Practical Example 2 – Sensor Fusion in a Robotics Scenario
Scenario
A mobile robot gathers data from:
- Lidar (point cloud, high frequency)
- IMU (orientation, medium frequency)
- Camera (image frames, lower frequency)
The robot must fuse these streams into a local occupancy map that updates in real time. The fusion algorithm should run only when all three latest sensor readings are available, and it must be cancelable when the robot switches to a different behavior (e.g., docking).
Implementation Using CCR Sessions
using Microsoft.Ccr.Core;
using System;
using System.Collections.Generic;
// Simple data containers (in a real robot you'd use richer types)

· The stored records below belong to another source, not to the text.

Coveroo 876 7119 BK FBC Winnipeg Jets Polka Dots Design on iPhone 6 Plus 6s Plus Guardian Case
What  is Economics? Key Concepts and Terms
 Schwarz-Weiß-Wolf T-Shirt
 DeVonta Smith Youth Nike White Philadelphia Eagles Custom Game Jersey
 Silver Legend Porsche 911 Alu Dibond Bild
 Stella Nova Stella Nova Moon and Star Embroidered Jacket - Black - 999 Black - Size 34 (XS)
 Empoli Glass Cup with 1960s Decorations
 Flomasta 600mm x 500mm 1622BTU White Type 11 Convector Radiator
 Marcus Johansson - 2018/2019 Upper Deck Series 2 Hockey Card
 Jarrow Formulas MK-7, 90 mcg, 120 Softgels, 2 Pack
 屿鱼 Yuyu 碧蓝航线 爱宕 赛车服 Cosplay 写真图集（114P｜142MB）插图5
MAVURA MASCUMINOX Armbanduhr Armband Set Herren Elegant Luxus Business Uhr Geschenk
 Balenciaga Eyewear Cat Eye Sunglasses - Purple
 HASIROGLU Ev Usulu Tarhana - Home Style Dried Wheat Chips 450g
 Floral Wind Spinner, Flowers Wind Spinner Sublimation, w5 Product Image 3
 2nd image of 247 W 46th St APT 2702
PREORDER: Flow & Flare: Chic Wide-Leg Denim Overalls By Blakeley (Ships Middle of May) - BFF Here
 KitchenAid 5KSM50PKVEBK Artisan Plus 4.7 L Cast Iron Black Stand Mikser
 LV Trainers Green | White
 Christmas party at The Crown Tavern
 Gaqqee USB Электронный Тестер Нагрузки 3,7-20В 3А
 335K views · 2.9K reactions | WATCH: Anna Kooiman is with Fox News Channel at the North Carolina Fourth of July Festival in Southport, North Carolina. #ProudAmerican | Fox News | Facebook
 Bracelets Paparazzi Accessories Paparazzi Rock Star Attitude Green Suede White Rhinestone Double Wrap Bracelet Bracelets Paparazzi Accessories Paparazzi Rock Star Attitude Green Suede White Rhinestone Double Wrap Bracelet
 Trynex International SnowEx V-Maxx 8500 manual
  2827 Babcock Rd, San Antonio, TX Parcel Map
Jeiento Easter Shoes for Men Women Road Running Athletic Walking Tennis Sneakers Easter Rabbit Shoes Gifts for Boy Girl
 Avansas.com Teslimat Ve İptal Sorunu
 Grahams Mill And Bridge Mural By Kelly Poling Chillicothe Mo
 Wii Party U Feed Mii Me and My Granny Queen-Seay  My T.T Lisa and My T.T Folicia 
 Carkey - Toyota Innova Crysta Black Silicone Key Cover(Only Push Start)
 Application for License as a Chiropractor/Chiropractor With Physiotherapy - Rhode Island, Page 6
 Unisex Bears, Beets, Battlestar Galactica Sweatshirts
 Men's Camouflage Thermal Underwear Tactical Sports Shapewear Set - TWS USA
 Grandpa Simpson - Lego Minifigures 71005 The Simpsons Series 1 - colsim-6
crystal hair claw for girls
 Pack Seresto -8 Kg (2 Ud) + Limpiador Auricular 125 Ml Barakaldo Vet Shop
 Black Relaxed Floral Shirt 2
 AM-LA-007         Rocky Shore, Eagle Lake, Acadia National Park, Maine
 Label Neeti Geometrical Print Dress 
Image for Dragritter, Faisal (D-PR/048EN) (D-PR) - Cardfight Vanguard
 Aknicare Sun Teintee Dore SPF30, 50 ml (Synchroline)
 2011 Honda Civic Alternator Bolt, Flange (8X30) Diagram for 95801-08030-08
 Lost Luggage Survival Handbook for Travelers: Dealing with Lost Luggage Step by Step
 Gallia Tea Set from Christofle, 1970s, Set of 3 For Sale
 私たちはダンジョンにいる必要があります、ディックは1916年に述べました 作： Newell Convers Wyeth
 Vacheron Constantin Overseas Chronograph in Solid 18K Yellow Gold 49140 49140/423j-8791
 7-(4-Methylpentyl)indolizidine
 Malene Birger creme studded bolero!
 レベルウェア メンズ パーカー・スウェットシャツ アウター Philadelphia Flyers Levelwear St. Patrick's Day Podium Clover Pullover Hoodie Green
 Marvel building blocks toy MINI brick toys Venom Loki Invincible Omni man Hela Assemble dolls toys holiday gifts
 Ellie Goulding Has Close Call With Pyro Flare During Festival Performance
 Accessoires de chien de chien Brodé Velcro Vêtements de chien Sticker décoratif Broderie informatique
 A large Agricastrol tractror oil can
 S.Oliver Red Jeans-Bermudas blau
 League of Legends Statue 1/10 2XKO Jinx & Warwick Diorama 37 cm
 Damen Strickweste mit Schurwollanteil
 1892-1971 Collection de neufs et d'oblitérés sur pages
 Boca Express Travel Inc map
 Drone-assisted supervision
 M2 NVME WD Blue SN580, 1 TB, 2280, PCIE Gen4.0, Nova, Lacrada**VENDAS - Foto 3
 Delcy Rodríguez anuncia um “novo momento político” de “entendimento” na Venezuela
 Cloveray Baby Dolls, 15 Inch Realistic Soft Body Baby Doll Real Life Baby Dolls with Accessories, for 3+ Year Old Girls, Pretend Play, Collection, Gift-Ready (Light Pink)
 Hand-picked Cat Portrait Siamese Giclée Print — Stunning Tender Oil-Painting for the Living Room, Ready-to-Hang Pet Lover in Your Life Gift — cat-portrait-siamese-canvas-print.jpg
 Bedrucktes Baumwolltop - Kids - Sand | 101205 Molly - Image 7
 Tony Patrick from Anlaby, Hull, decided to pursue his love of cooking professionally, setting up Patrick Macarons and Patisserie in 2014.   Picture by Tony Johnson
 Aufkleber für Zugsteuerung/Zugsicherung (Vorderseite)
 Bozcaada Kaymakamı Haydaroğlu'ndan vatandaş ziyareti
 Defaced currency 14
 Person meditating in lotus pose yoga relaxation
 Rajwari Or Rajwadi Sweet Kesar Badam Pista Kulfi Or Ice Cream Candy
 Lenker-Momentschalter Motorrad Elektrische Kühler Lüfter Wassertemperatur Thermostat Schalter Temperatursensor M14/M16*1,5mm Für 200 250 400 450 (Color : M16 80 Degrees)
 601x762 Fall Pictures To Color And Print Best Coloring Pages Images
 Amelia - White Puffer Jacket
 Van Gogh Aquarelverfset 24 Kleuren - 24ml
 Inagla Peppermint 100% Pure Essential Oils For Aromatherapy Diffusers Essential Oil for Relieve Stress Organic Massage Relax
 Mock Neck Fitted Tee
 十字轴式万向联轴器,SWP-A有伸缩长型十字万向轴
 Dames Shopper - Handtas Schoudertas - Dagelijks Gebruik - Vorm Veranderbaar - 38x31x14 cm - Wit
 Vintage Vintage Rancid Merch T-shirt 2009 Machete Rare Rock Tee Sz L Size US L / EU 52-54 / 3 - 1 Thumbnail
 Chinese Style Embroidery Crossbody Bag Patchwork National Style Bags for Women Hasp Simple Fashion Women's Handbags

public struct LidarScan { public double[] Distances; }
public struct ImuReading { public double Yaw, Pitch, Roll; }
public struct CameraFrame { public byte[] Pixels; }
public class SensorFusionEngine
{
private readonly Dispatcher _dispatcher = Dispatcher.Current;
// Ports for each sensor stream
private readonly Port<LidarScan> _lidarPort = new Port<LidarScan>();
private readonly Port<ImuReading> _imuPort = new Port<ImuReading>();
private readonly Port<CameraFrame> _cameraPort = new Port<CameraFrame>();
// Output port for fused map
public readonly Port<string> FusedMapPort = new Port<string>();
// Starts a new fusion session each time the robot enters "explore" mode
public Session StartFusionSession()
{
Session fusionSession = new Session(_dispatcher);
// Join all three sensor ports – the session will keep a count of pending messages
fusionSession.Join(_lidarPort);
fusionSession.Join(_imuPort);
fusionSession.Join(_cameraPort);
// When any sensor produces a new reading, store it locally
LidarScan latestLidar = default;
ImuReading latestImu = default;
CameraFrame latestCam = default;
Arbiter.Receive<LidarScan>(true, _lidarPort, scan => latestLidar = scan);
Arbiter.Receive<ImuReading>(true, _imuPort, imu => latestImu = imu);
Arbiter.Receive<CameraFrame>(true, _cameraPort, cam => latestCam = cam);
// Define a periodic timer that triggers the fusion step.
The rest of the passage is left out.